Marketing Mythbuster #3: Past guests are yesterday's news
By Tomahawk on

Let's face it, it's very common for marketers in tourism to always focus on marketing activity that creates new customers to fill their rooms, tours or schedules. If your marketing strategy is heavily focused on attracting new customers, you’re not alone.
But the reality is that treating past guests like “job done” is a missed opportunity because while new acquisition seems like the right focus, your past guests are often your easiest, most profitable growth channel.
Let's explore why and ways to get new bookings from previous customers.
Why This Myth Exists
There’s a natural bias toward new campaigns, new audiences, and new bookings. And with platforms like Google Ads and Meta Ads making it easier than ever to target fresh audiences, it can feel like growth equals more reach.

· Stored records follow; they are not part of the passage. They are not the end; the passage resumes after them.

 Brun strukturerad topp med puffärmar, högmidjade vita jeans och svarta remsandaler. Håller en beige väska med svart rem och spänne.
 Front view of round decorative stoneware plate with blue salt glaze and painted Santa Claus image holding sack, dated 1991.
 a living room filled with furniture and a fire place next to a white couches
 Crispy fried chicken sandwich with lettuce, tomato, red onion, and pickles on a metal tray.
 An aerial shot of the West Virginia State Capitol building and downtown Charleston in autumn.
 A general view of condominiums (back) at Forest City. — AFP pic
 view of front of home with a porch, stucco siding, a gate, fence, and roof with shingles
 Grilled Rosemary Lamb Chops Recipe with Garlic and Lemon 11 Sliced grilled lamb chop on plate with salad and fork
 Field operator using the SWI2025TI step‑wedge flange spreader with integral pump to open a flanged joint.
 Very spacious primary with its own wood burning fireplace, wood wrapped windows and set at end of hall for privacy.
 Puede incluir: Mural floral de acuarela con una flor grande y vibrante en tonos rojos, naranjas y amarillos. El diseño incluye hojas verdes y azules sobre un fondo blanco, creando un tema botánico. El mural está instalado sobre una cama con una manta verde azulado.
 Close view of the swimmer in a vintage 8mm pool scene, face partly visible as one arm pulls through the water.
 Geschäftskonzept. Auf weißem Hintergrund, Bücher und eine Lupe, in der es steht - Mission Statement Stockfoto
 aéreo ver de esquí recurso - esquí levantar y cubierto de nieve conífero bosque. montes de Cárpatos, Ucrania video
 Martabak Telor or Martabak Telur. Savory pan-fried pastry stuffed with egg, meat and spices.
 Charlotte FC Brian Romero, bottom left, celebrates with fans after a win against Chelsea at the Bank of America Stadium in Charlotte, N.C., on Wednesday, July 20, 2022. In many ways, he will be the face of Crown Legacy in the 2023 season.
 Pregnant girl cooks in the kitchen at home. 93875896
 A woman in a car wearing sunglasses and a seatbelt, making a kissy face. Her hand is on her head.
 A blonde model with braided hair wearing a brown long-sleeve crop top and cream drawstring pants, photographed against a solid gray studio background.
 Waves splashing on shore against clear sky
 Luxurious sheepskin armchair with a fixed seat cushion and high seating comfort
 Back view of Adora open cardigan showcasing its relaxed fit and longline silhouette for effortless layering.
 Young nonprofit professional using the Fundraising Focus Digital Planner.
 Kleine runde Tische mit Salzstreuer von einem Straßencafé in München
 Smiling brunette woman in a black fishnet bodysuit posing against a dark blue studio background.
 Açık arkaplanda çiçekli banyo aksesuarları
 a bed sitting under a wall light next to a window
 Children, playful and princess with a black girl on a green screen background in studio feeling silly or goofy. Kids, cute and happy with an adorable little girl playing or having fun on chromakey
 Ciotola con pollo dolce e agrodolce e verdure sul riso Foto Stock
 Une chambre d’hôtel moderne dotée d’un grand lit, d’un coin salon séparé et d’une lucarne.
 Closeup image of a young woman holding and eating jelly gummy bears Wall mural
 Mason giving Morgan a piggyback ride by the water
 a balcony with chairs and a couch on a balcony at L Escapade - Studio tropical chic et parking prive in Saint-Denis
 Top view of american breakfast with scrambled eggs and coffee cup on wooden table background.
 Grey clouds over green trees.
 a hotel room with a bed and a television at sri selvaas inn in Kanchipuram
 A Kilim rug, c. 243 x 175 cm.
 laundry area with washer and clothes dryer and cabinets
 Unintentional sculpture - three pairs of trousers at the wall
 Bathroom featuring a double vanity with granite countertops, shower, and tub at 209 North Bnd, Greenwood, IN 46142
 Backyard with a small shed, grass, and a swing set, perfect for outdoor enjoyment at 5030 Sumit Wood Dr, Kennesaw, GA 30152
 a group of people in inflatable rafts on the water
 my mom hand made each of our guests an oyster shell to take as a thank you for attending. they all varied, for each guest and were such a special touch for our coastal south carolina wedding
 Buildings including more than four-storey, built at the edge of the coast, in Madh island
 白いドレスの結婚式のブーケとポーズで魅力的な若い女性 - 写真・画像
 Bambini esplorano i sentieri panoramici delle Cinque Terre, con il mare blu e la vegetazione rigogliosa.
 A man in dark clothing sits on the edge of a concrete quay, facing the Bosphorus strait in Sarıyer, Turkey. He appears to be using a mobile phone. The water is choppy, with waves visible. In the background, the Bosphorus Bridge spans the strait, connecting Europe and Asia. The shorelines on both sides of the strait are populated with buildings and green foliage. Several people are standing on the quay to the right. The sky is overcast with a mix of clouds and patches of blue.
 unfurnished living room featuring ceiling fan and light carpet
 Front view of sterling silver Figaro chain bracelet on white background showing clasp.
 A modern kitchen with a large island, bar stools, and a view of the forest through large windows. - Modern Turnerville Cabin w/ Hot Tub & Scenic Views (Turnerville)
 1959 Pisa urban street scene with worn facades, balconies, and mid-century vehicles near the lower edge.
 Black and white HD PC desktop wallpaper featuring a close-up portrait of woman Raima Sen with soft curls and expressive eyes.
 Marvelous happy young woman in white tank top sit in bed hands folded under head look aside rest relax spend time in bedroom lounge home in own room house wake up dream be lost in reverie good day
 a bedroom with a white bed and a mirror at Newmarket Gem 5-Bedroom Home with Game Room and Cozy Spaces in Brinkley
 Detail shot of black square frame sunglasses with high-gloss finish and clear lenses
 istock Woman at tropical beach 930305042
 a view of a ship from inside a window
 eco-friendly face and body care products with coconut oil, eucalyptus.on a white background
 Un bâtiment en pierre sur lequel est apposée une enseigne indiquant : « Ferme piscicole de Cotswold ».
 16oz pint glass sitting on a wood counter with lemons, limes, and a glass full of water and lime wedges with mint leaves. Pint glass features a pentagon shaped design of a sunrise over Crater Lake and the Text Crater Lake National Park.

There's also an assumption that travellers (especially if your market is mostly international visitors) are unlikely to book your experience again because they're always seeking new experiences, or too far away to come back again.
But what often gets overlooked is: You’ve already done the hard work once. Someone has found you, chosen you, booked with you, experienced your product, and are ready to recommend you - a proven customer and ambassador for your product.
Common pitfalls include:
- No structured follow-up after a booking
- Guest data sitting unused in a CRM
- Email lists that only get contacted during promotions
- No clear strategy for turning guests into advocates
In short, the relationship ends too early. But a simple shift to change your approach and start asking how you can get more value from customers you already have will reduce your reliance on constantly chasing new demand and create higher ROI on your marketing spend, more consistent bookings, and stronger brand advocacy.
The Opportunities: Rebooking, Referrals & Retention
When you shift focus from just acquisition to include retention strategies, three opportunities open up.
1. Rebooking
Convincing someone to book again is significantly easier than converting a brand-new customer. They already know what to expect, the quality of your experience, and whether you delivered on your promise.
A well-timed follow-up, seasonal reminder, or “come back and try this next” offer can go a long way. Perhaps your experience can be completely different in another season (think Queenstown summer adventures versus winter skiing). Or better still, perhaps you can offer enticing off-peak rates for their next visit.
Whatever your niche or story, if you create a set of reasons for them to come back for more you'll have a messaging strategy that can be implemented for all previous guests.
TIP: Set up post-stay emails and an automated nurture series campaign to activate for completed bookings.
2. Referrals
Happy guests are your most credible advocates. Travellers are increasingly influenced by peer recommendations (and even AI-curated suggestions), word of mouth still carries serious weight - and people love to share their travel advice!
Encouraging referrals doesn’t need to be complicated:
- Simple “share with a friend” incentives
- Post-experience nudges
- Making it easy to leave and share reviews
Done well, one great experience can turn into multiple future bookings.
3. Retention
Not every tourism business is built on repeat visits, but many underestimate how much repeat potential actually exists. Even if guests don’t return immediately, they might visit again in a different season, return with family or friends, choose you again when hosting visitors. Retention is about staying top of mind, not just making a single sale.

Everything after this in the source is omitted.